I live in a no fault state. I will take charge of our joint account tomorrow morning.


----------



## aug

Bleeding said:


> yes, we have a 3 year old. He has been 3 states away staying with his brother, is moving back to his home 1 hour away this week.




Who's moving back? The other man?


----------



## Bleeding

yes he is moving back this week, I just found out this, he has been 3 states away since he was discharged.


----------



## aug

Tomorrow when you're out, go get 1 or 2 voice activated recorders (VAR). They are fairly cheap.

Keep one with you at all times. Especially when around your wife. You dont want her to start accusing you of assault. The VAR may save you.


----------



## aug

Follow jnj advice in the post above.

Plan what you have to do tomorrow. Try to get some sleep. Tomorrow will be a hectic day for you.
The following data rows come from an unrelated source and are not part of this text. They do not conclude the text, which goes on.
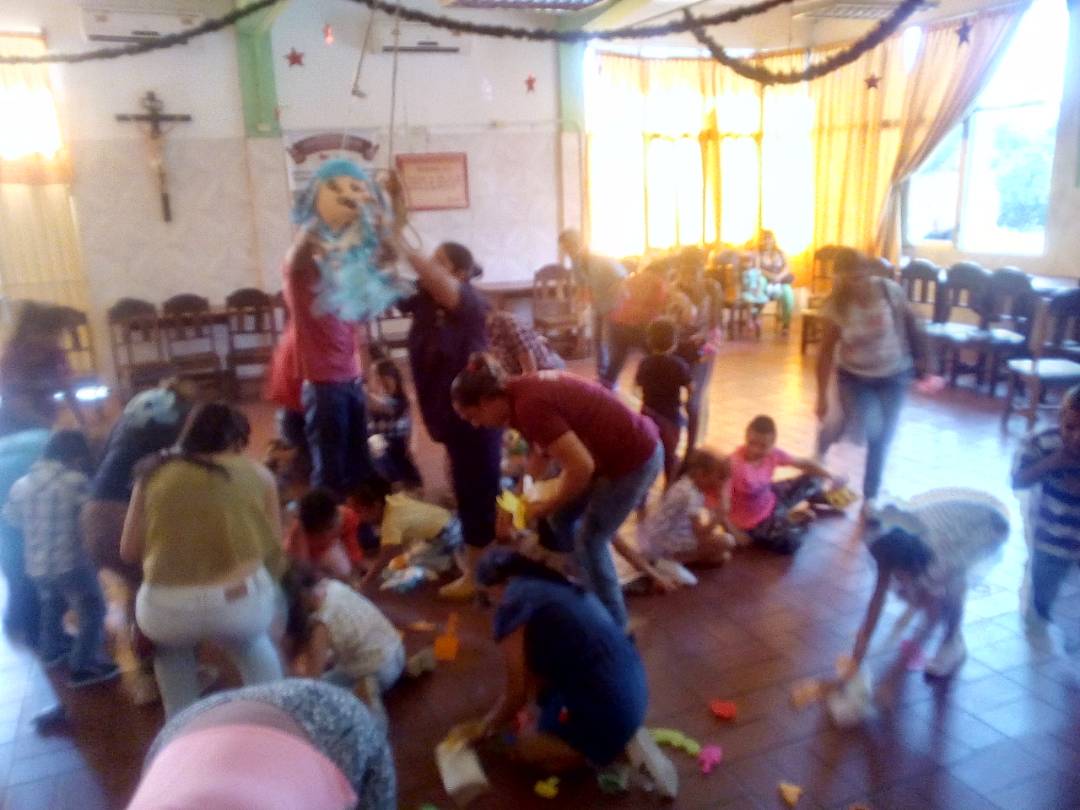 inass_urena's tweet photo. Se realizo actividad con los niños de nuestros servidores psra la entreg de los regalos @salainass @magallyvina @PsuvJhon https://t.co/ieDyr2rZFF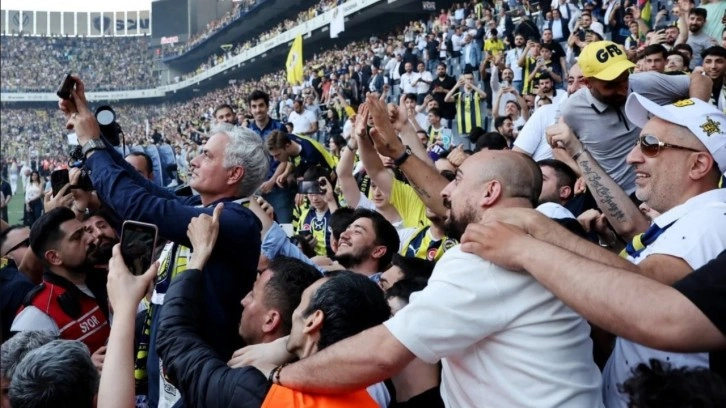 Jose Mourinho Fenerbahçe taraftarı ile bütünleşti
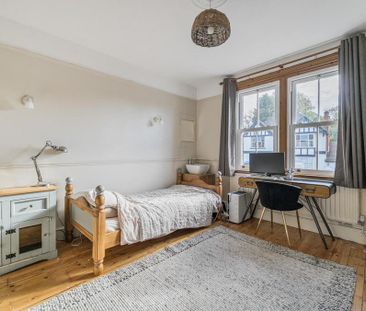 4 bedroom detached house to rent - Photo 6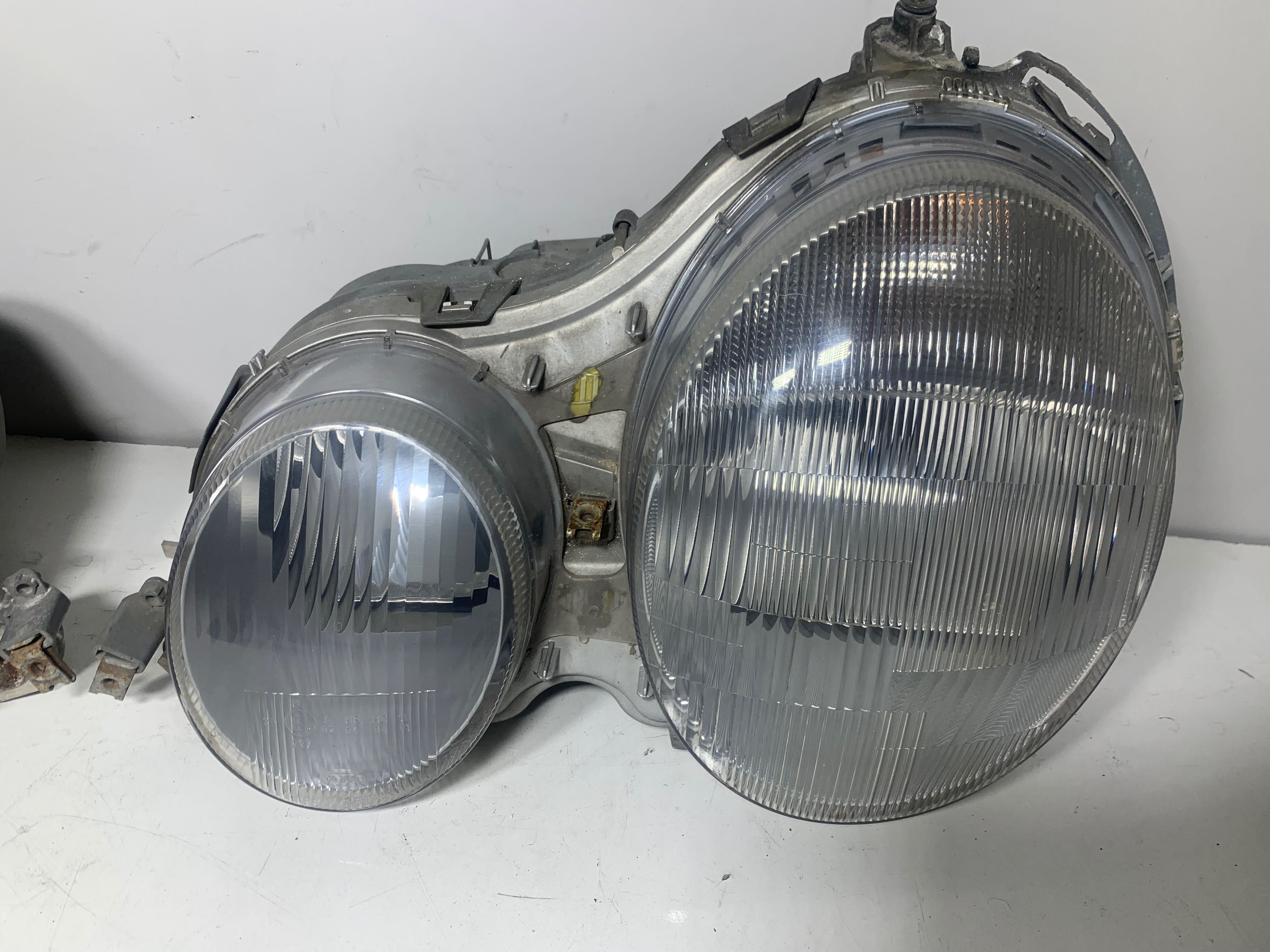 Lampy Przód Przednie Komplet Mercedes E-Klasa W 210 przed liftem OR EU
You dont move out. Doing so may jeopardize your chances of getting favorable custody of your son. Let your wife leave if she wants to.


----------



## Bleeding

aug said:


> Tomorrow when you're out, go get 1 or 2 voice activated recorders (VAR). They are fairly cheap.
> 
> Keep one with you at all times. Especially when around your wife. You dont want her to start accusing you of assault. The VAR may save you.


I'm gonna look for it and gonna get it, I'm in total disbelief I'm going through something like this.


----------



## Bleeding

aug said:


> Follow jnj advice in the post above.
> 
> Plan what you have to do tomorrow. Try to get some sleep. Tomorrow will be a hectic day for you.
> 
> You dont move out. Doing so may jeopardize your chances of getting favorable custody of your son. Let your wife leave if she wants to.


Thanks, i really appreciate the advice I'm getting here. I'm gonna follow all the advice I'm getting, thank you for helping me out.


----------



## aug

And, moving out (if you do) may be considered abandonment by the courts.


----------



## Bleeding

aug said:


> And, moving out (if you do) may be considered abandonment by the courts.


we own the house 50/50 and I have no intention of moving out.


----------



## aug

Because she's in the thralls of her EA, dont believe what she says. She's now in survival mode trying to keep her EA alive. She will lie or do what she can to keep her EA alive.

Any remorse on her part wont happen for quite a while.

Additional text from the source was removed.